Among obesity drug developers, Zafgen is under way with a Phase II trial for its selective methionine aminopeptidase 2 (MetAP2) inhibitor beloranib, with patients being recruited and the first doses set for this month. In June, the company reported Phase I data from two studies in severely obese women showing improved weight loss and triglycerides, LDL cholesterol, waist circumference, and diastolic blood pressure.
“People who are obese have a double problem: They are overproducing fat from calories that they take in from their diet. And secondly, they are less able to utilize that fat-stored energy as energy for their metabolism,” Thomas E. Hughes, Ph.D., Zafgen’s president and CEO, told GEN. “Our drug focuses on restoring that balance to fat metabolism.”
He said Zafgen sees beloranib “potentially as a six- to nine-month treatment,” though given the disease’s chronic nature, “We’re not ruling out the possibility that the drug would be used for quite a long period of time in order to keep people at a healthy weight.”
Another preclinical drug developer, Ember Therapeutics, has licensed from Dana-Farber Cancer Institute its hormone irisin, which targets “brown fat” cells—especially “beige fat” cells produced from white fat depots when triggered by conditions such as exercise and cold. In July, Bruce Spiegelman, Ph.D., of Dana-Farber and Harvard Medical School—one of Ember’s scientific cofounders—published a first description of the cells’ genetic profile in the journal Cell.

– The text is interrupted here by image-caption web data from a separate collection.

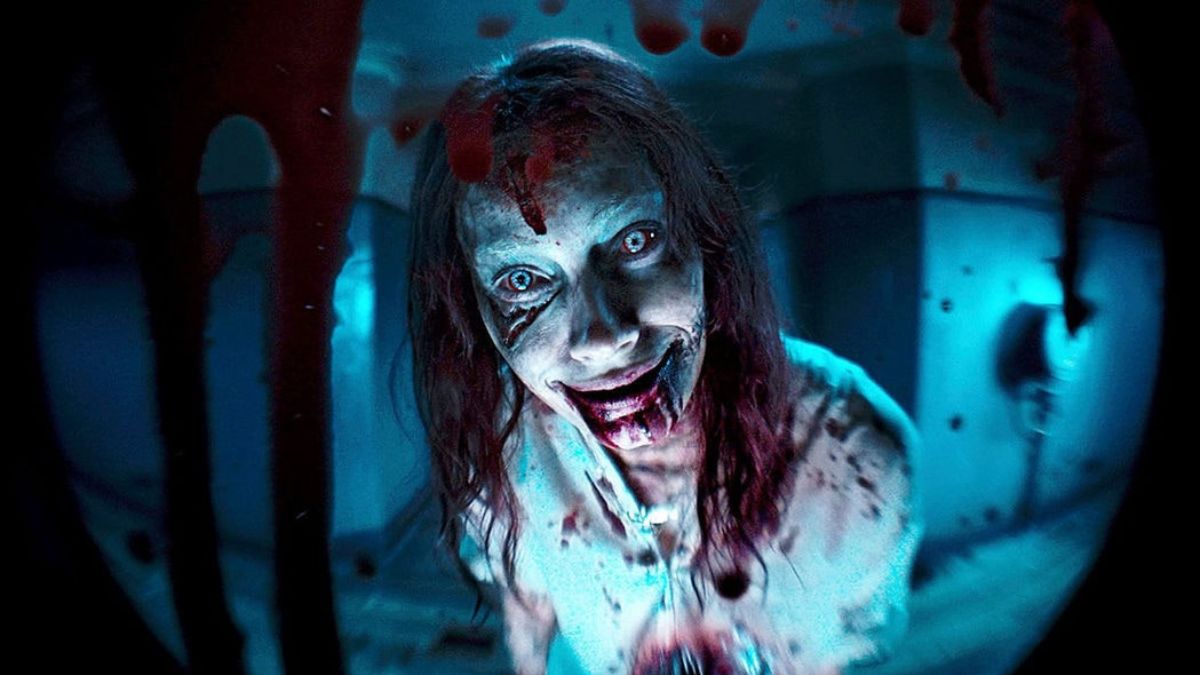 A Deadite looking through a peep hole. This image is part of an article about the best horror movies of 2023.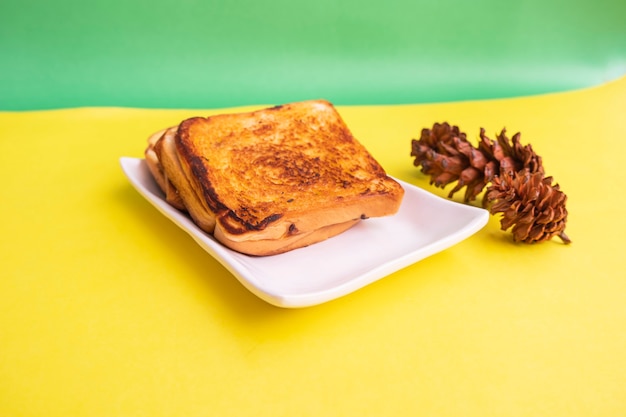 Geröstetes Brot Auf Einem Weißen Teller Mit Fichtenblumen Auf Gelbem Und Grünem Papierhintergrund. Toast zum Frühstück. Horizontales Foto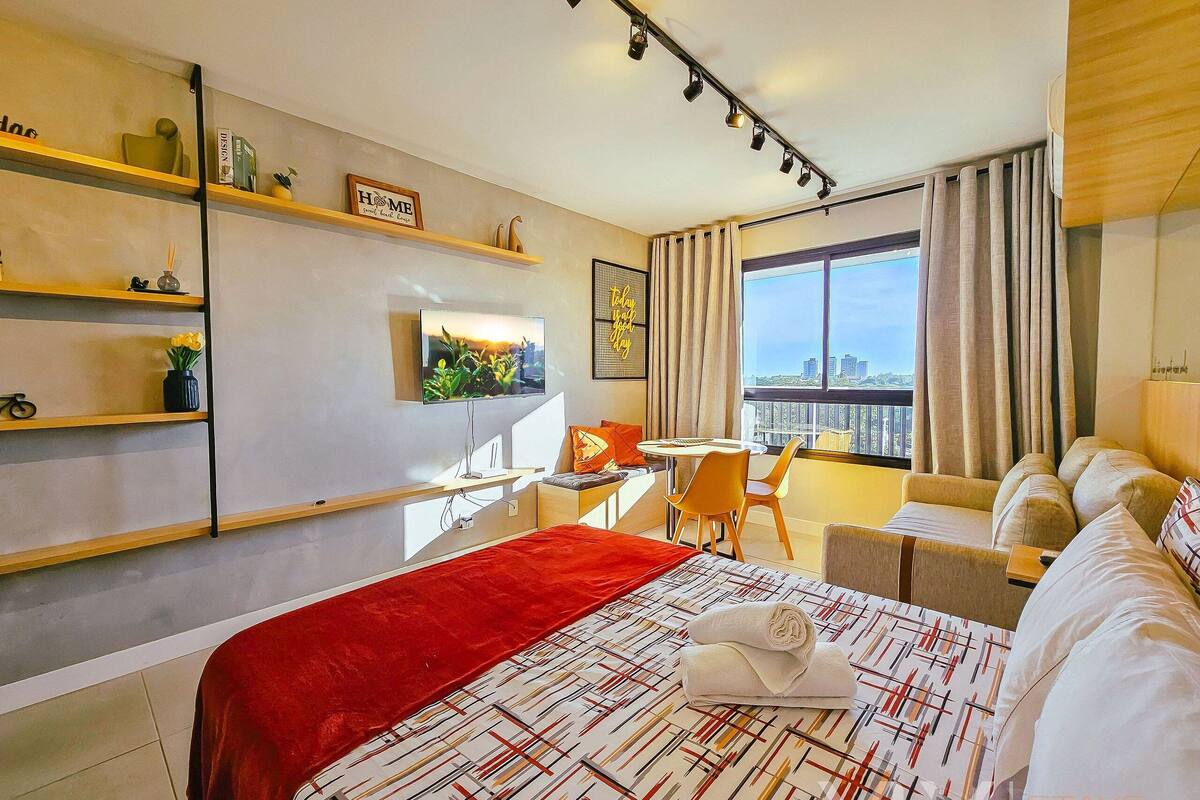 Habitación de hotel con cama, escritorio, silla, sofá, televisor y ventana con vista a la ciudad.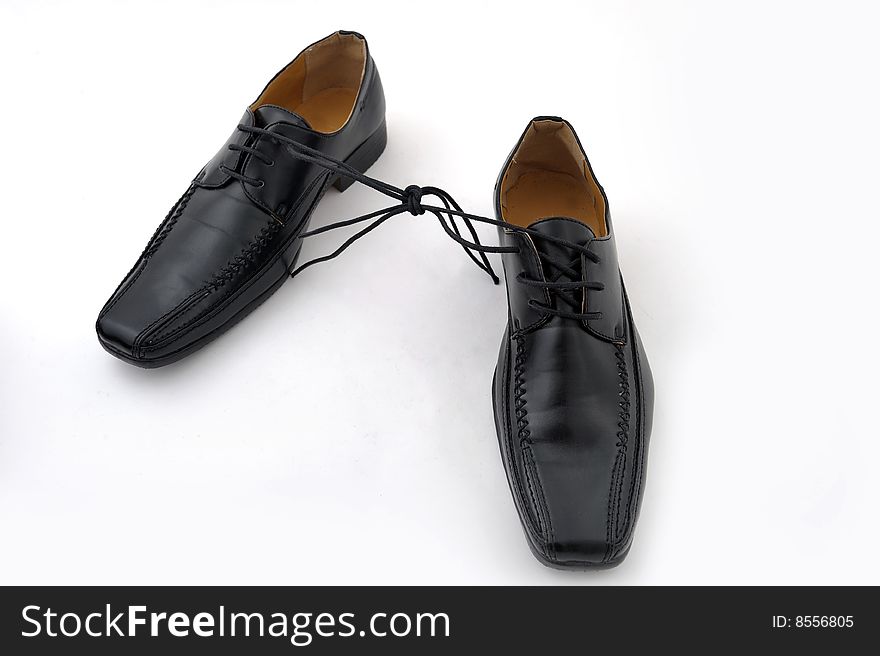 Pair of black man shoes tied together on white background. Pair of black man shoes tied together on white background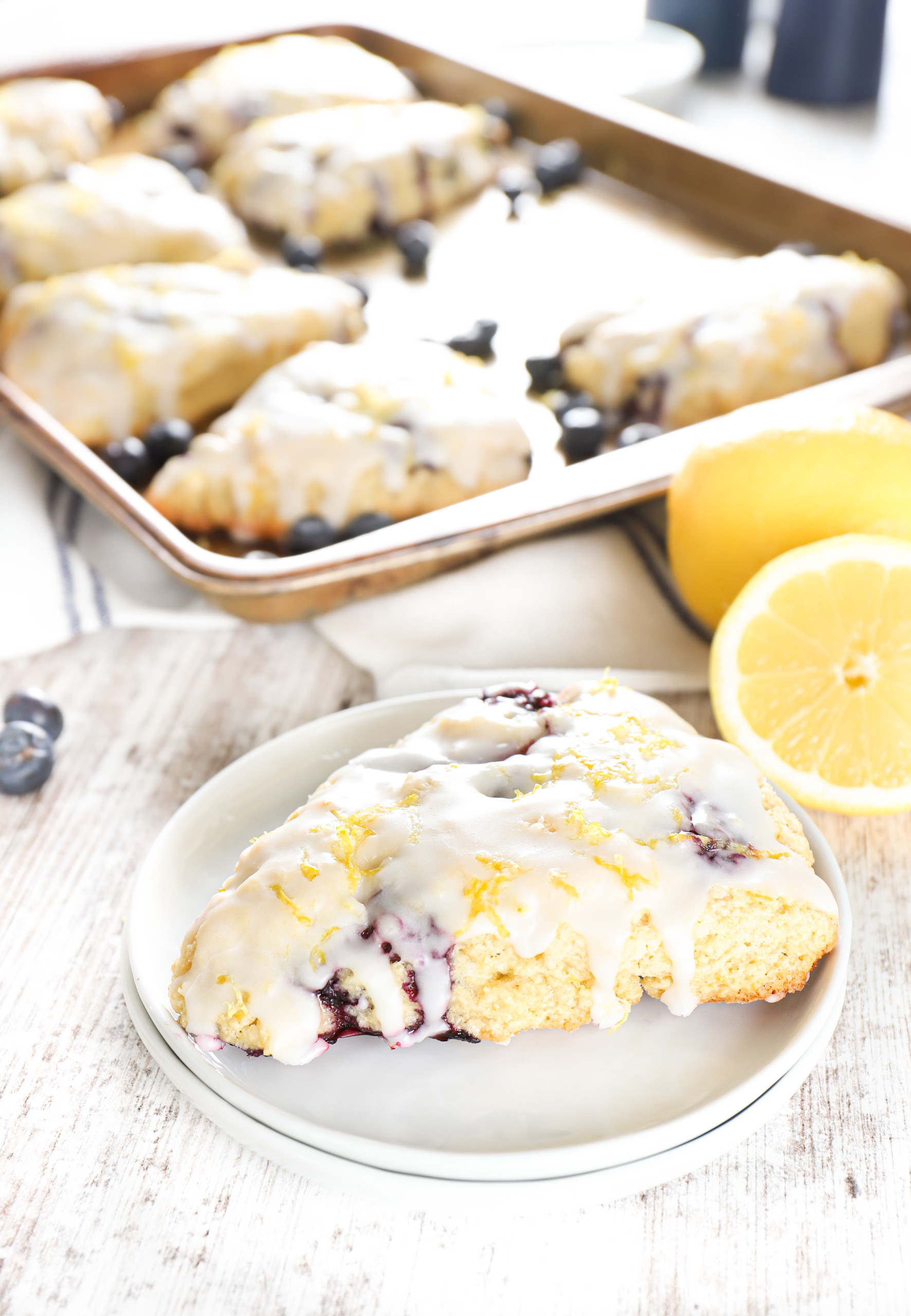 A lemon blueberry scone on a small white plate with a pan of scones in the background.
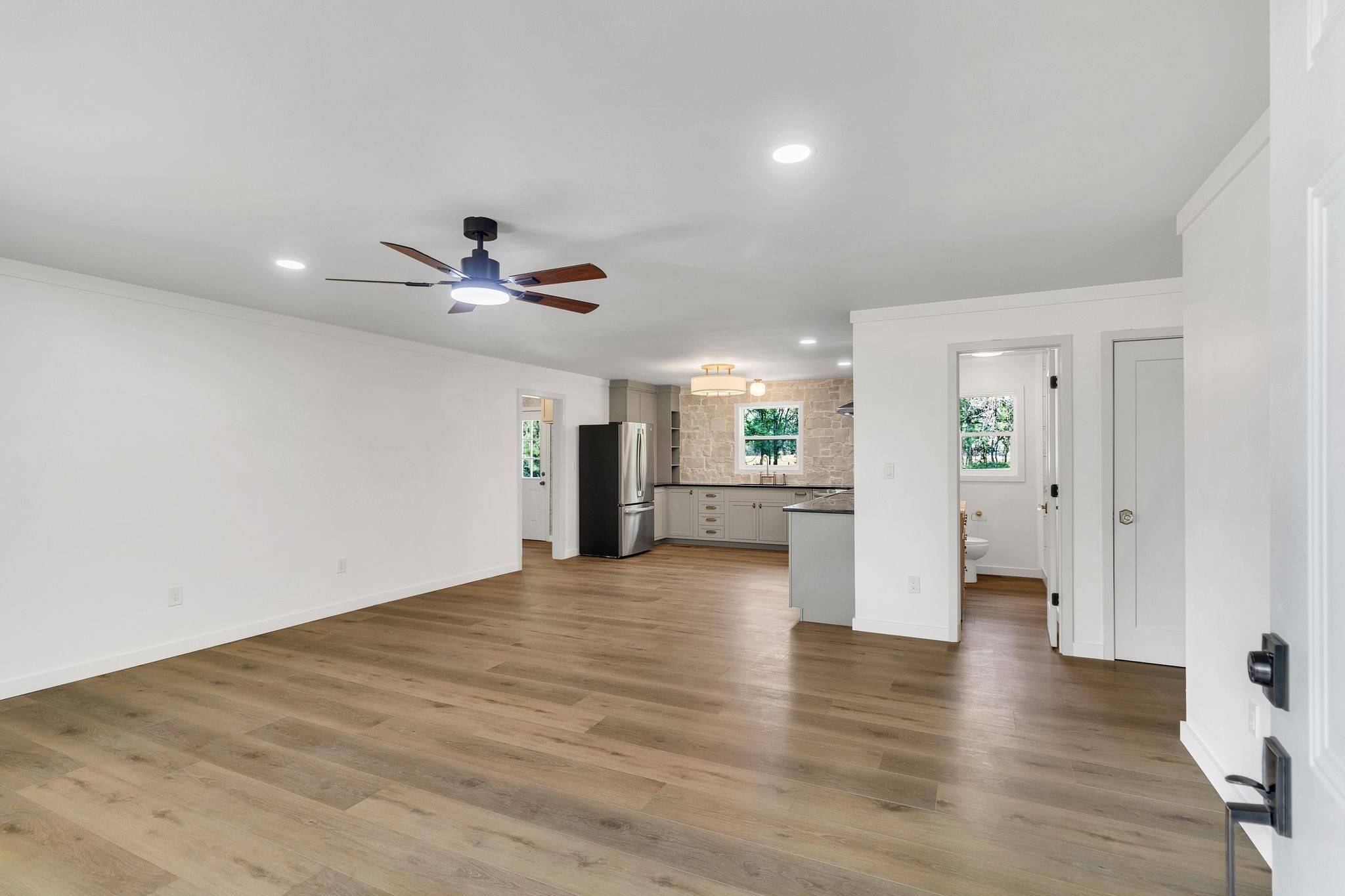 1441 Compton Road Murfreesboro, TN 37130 - Photo 5 of 26 a view of a livingroom with wooden floor and a ceiling fan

According to Ember, the beige fat discovery provides additional scientific validation of irisin and its impact, but does not change its development program for an irisin-based drug candidate. What this discovery provides, according to the company, is a better understanding of what fat cell types to use for the purposes of drug screening and optimization. The company also says it is working on several preclinical programs that are advancing rapidly toward the clinic, but has not yet provided specific clinical timelines.
Encouraging as they appear, the initial results by drugmakers will require years of additional trials and millions of additional dollars, with no guarantee of success. But with the U.S. and the Western world increasingly overweight, companies that succeed at reversing obesity will, sooner rather than later, find themselves in Fat City.